According to the ICC warrant for his arrest, Odhiambo is described by former LRA commanders and members as a "ruthless killer", as "the one who killed the most", and as "a 'bitter' man who will kill anyone".

===Defection from the LRA===
In April 2008, it was reported that Odhiambo and eight others had been killed by LRA leader Joseph Kony during a dispute over a proposed peace deal. However, on 29 January 2009, Odhiambo said he had suffered a serious gunshot wound during a clash with Ugandan forces and was defecting from the LRA. He told Agence France-Presse, "We have requested a safe corridor. I want to come out. I am tired of going up and down all the time." He contacted the International Organization for Migration seeking safe passage to Uganda, along with 45 other rebels and 10 abductees, but said he would not surrender unless he was given a guarantee that he would not be turned over to the ICC. The government of Uganda has indicated that it would try Odhiambo in a national court rather than surrender him to the ICC.

The Catholic Archbishop of Gulu, John Baptist Odama, said the defection could revive hopes of a peaceful end to the conflict. However, Amnesty International criticized the International Organization for Migration for agreeing to facilitate Odhiambo's transfer to Uganda instead of to the ICC.

An LRA spokesman dismissed the reports of Odhiambo's planned defection, claiming the story was invented by the Ugandan army "to create disharmony and danger to LRA fighters".

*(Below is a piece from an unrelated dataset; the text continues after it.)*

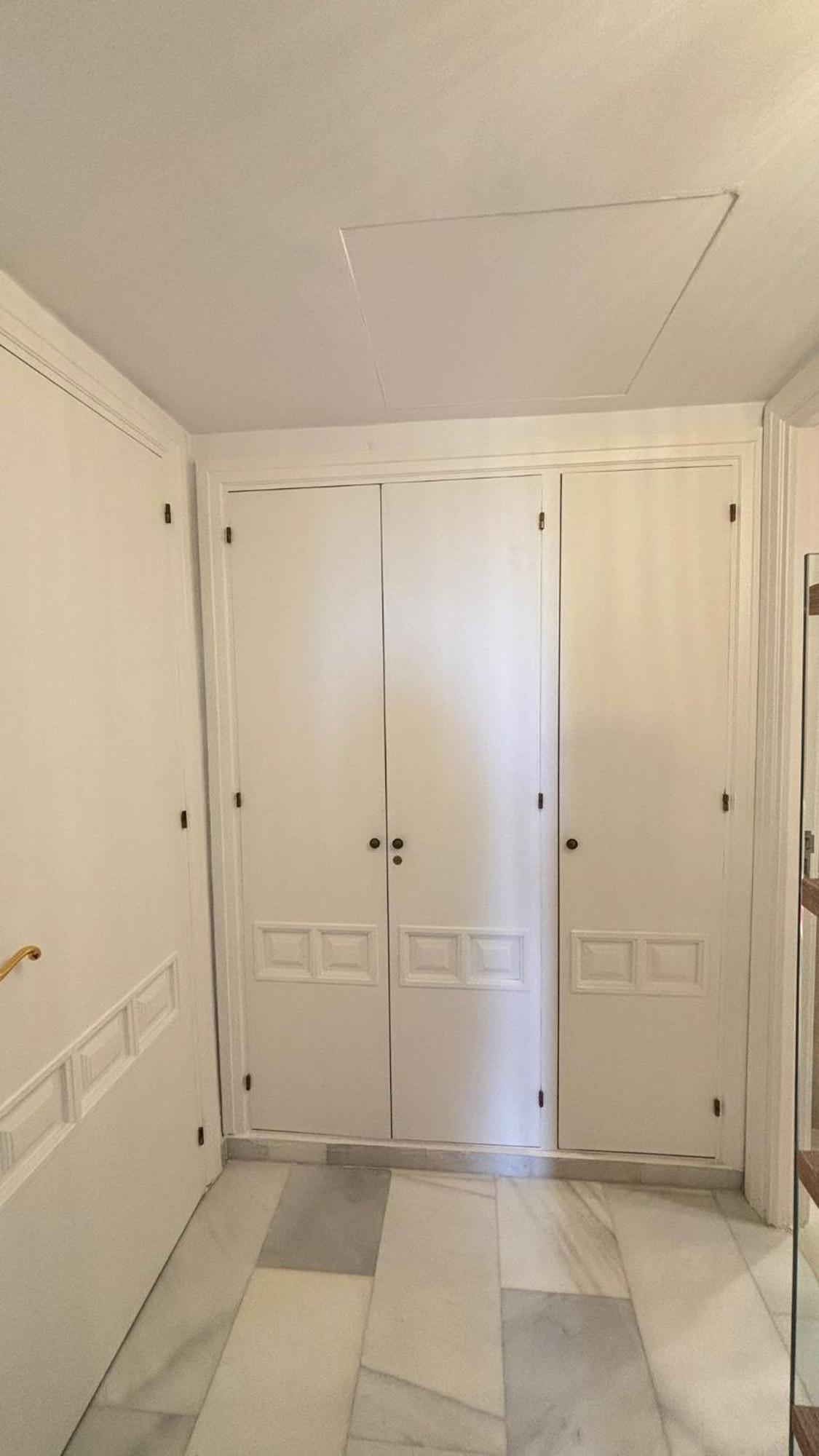 Rum i privatbostad Deluxe Con Bano Privado En Atalaya Apartagolf, Estepona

In February 2014, it was reported that Odhiambo had been killed on the 27th of October 2013. Odhiambo's body was found based on GPS coordinates provided by the man who buried him after his death and afterward defected to UPDF forces. His body was exhumed on 20 March 2015, and flown to Entebbe, Uganda for identity confirmation. The death of Odhiambo was confirmed, and the ICC dropped its proceedings against him in September of that year.